Khadem began her athletic career at the age of nine, with an initial interest in basketball. After observing professional basketball players incorporating boxing into their training to improve their conditioning and morale, she decided to take up the sport herself. She began her training in Tehran and subsequently continued in Varamin, despite the long commute from her home. Although Khadem was accepted into a university program to pursue a degree in sports engineering, she eventually dropped out to focus on boxing full-time. Alongside her dedicated boxing regimen, she also participated in fitness and basketball classes.

Mahyar Monshipour became her boxing trainer in 2008. In 2014, she accepted an invitation to compete in an official boxing match in France, despite facing opposition from the Ministry of Sports of Iran.

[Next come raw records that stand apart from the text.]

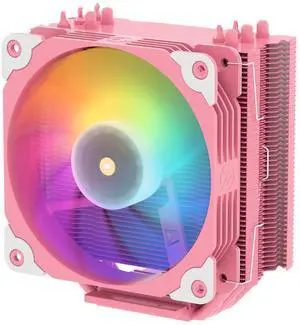 Vetroo V5 CPU Air Cooler with 5 Heat Pipes 120mm FDB PWM Processor Cooling for Intel LGA 1851/1700/1200/115X AMD AM5/AM4, Addressable RGB Lights Sync - Pink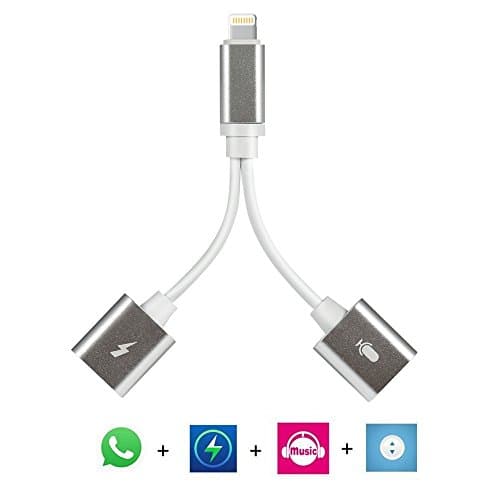 2 in 1 iPhone X / iPhone 8 / iPhone 8Plus / iPhone 7 / iPhone 7Plus adapter,2 in 1 to Dual Lightning Splitter Cable with Charging &amp; Audio for iPhone X/8/8Plus/7/7 Plus, Support Phone Silver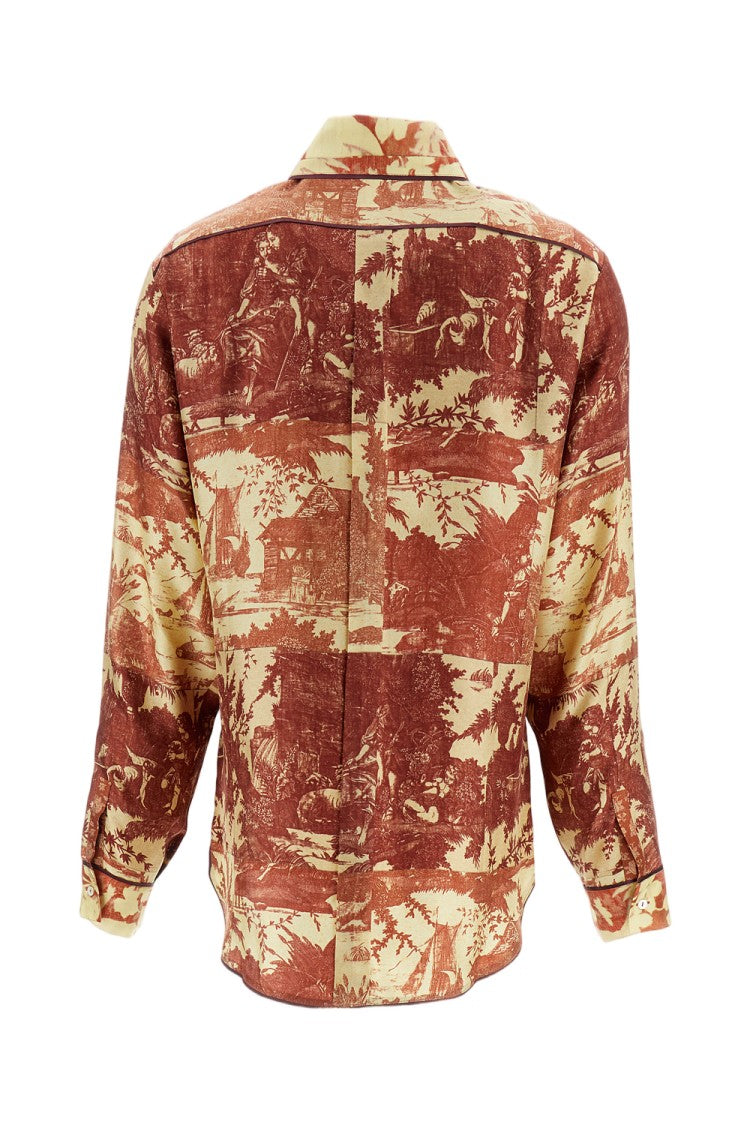 Pierre-Louis Mascia Long-Sleeved Printed Silk Shirt With Classic Collar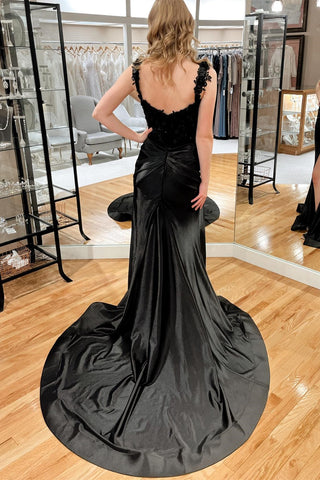 Black 3D Floral Lace Off-the-Shoulder Mermaid Long Formal Dress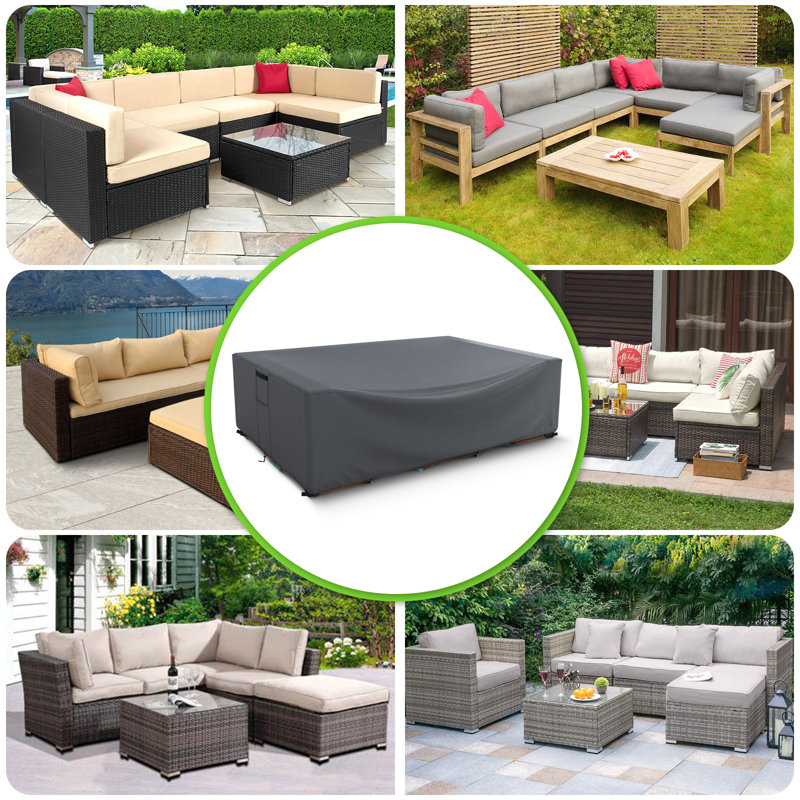 Housse pour canapé modulaire d'extérieur résistante à l'eau, Gris, H 28 po x l 98 po x P 98 po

== Defeating French Opponent ==
On April 14, 2019, Khadem participated in her first official match in Royan, France. Her opponent Anne Chauvin was a French boxer. Khadem defeated Chauvin at the end of a three-round match with Monshipour as her trainer.

After the match, Khadem embraced her opponent with tears in her eyes. She declared that "this victory belongs to all the men and women who sacrificed their lives for Iran." She further added that "this was the first step."

== Reception ==
The prospect of Khadem's match with Chauvin attracted French and other international media attention. The match was broadcast on a dedicated channel as well as several local ones. The match was dubbed by the hosts as "an effort to bring equality among women and men." Following Khadem's victory, the mayor of Royan congratulated Monshipour and Khadem inside the ring.

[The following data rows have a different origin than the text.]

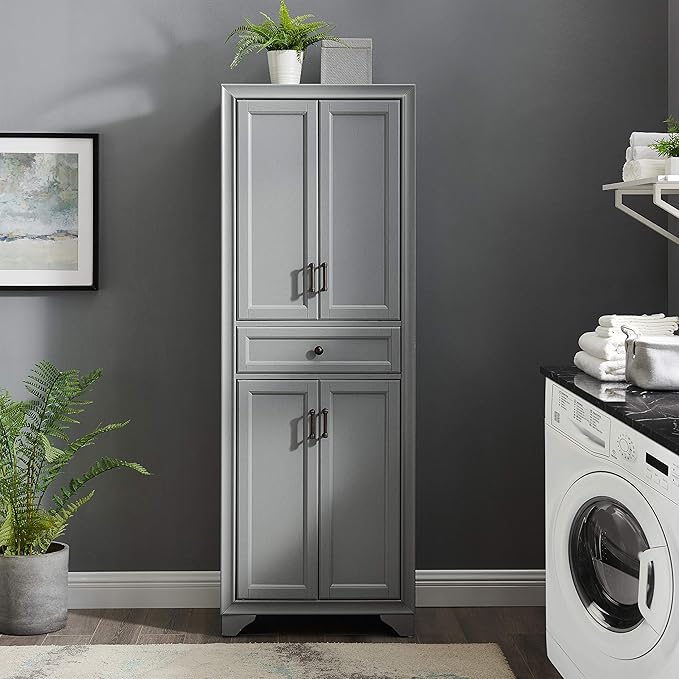 Crosley Furniture Tara Pantry Storage Cabinet with Shelves, Kitchen, Dining, or Laundry Room, Distressed Gray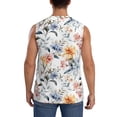 thumbnail image 4 of Fotbe Men's Lilies Flowers Print Men's Sleeveless Muscle Tank Tops Casual T-Shirts for Gym Workout Beach-Large, 4 of 8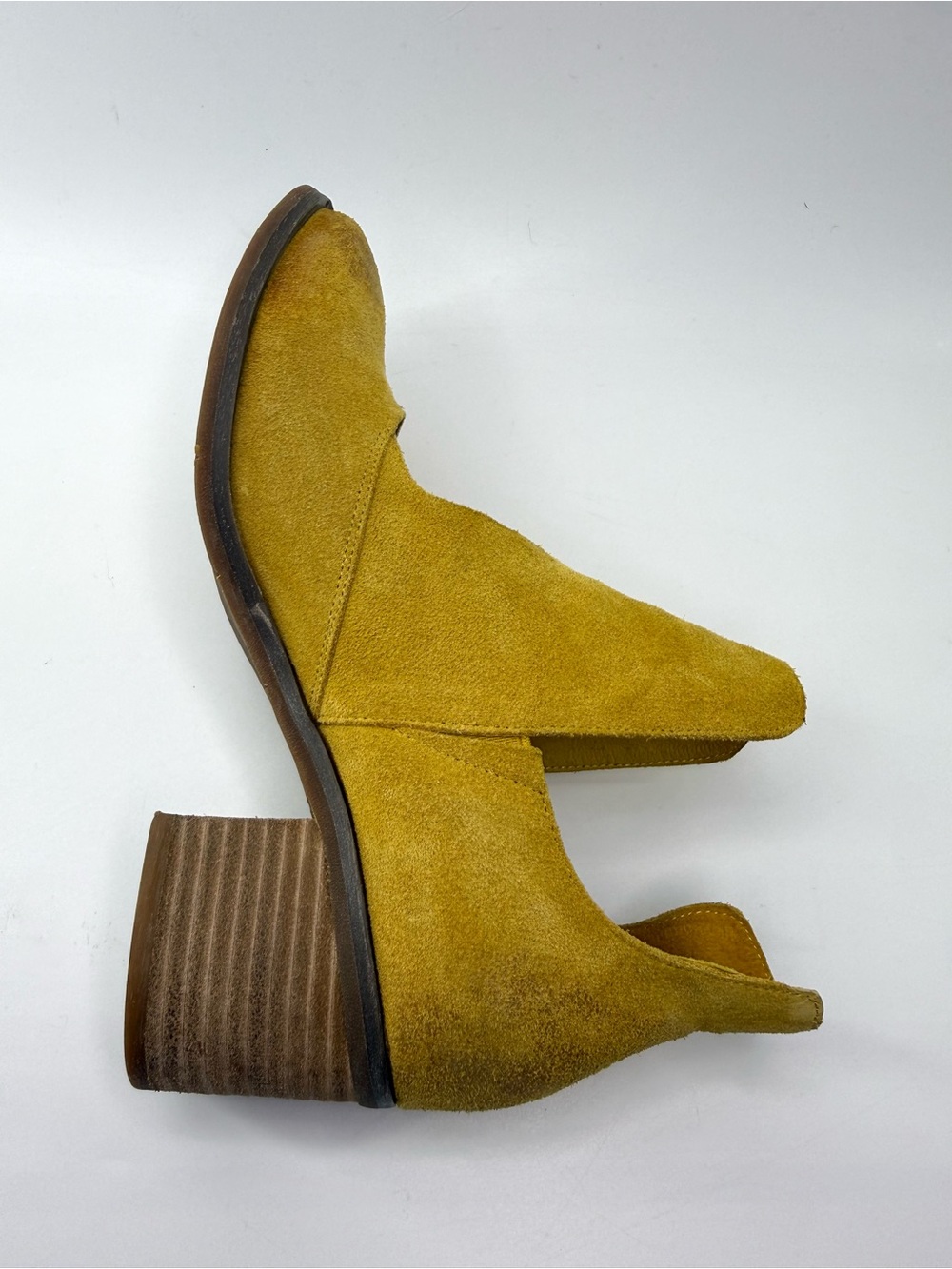 Antelope N47 Cage Mustard Suede Block Heel Booties 37/6-6.5 US - Picture 12 of 16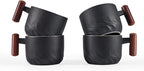 2.5oz Ceramic Espresso Cups with Wooden Handle, Small Coffee Cups Double Shot Espresso Cups Set of 4, WG025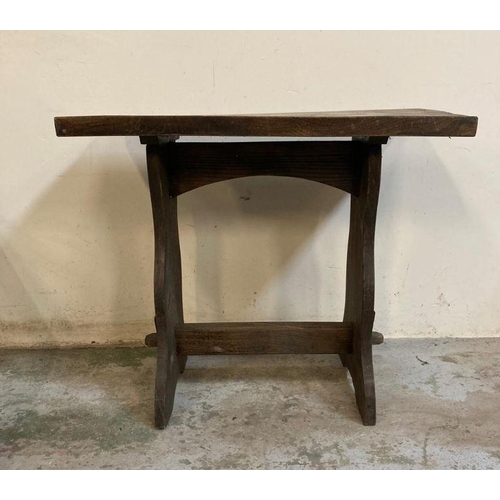 25 - A vintage hall table with cross stretcher on splayed feet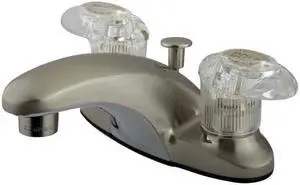 Two Handle 4" Centerset Lavatory Faucet with Retail Pop-up in Satin Nickel by Kingston Brass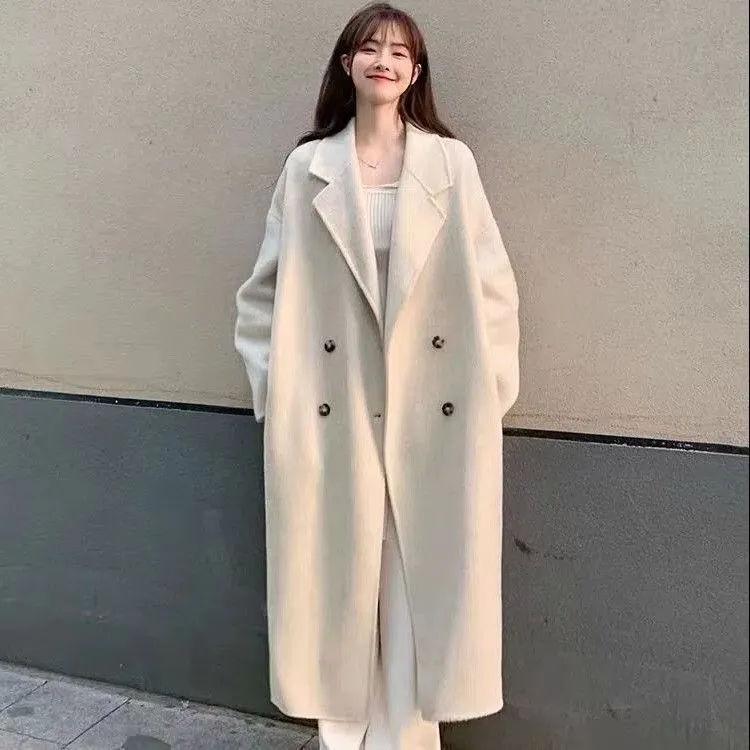 Preppy Style Woolen Coat for Women Autumn Winter Korean Style Buttoned Mid Length Woolen Outer Wear Casual Top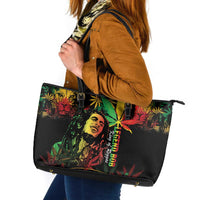 King Of Reggae Legend Bob Leather Tote Bag Rasta Cannabis - Wonder Print Shop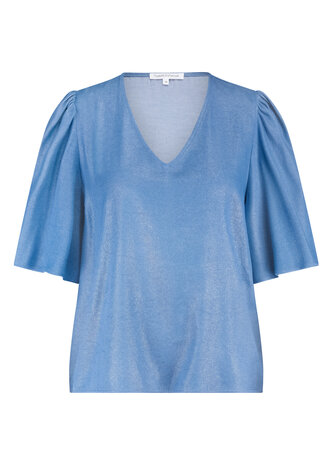 Tramontana Coated Top Butterfly Sleeves  BreezyBlue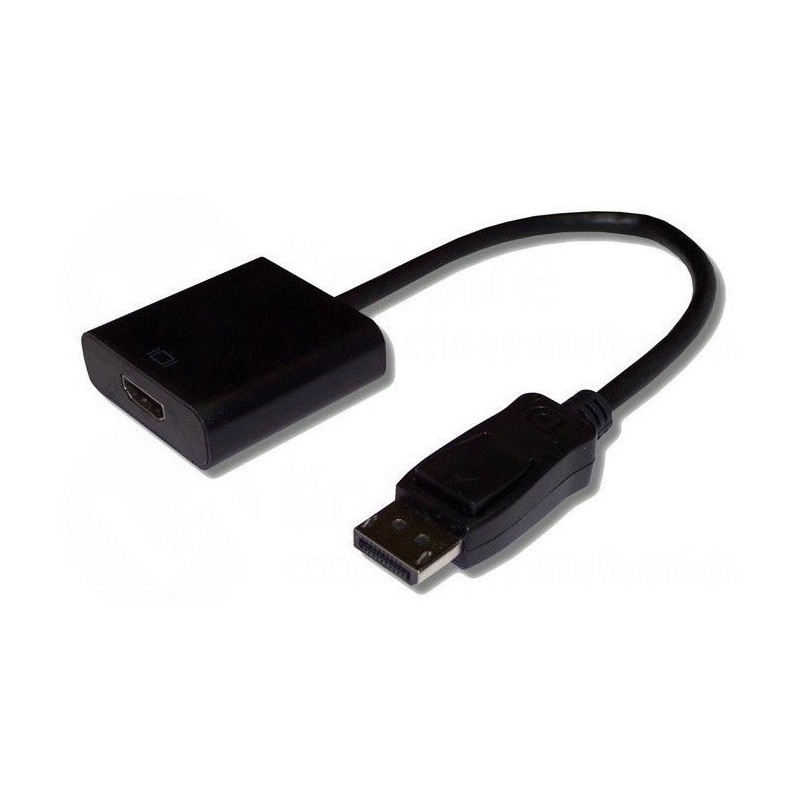 adaptateur-hdmi-femelle-vers-displayport-male.jpg adaptateur HDMI femelle vers DisplayPort mâle vue de face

The Iranian Boxing Federation distanced itself from the match and released a statement reading: As women's boxing is not a sanctioned sport of the Islamic Republic of Iran Boxing Federation, the organization, training, and participation in this sport is not related to this federation and it is the organizer and participant's responsibilities.Following the match, Khadem and Monshipour had plans to return to Iran, however, lingering rumors of potential arrest warrants kept them in France. Khadem's representative told Reuters that authorities had issued arrest warrants against her and Monshipour. Hossein Soori, the head of Iran's boxing federation, denied Khadem would be arrested, attributing the information to “media linked to Saudi Arabia”.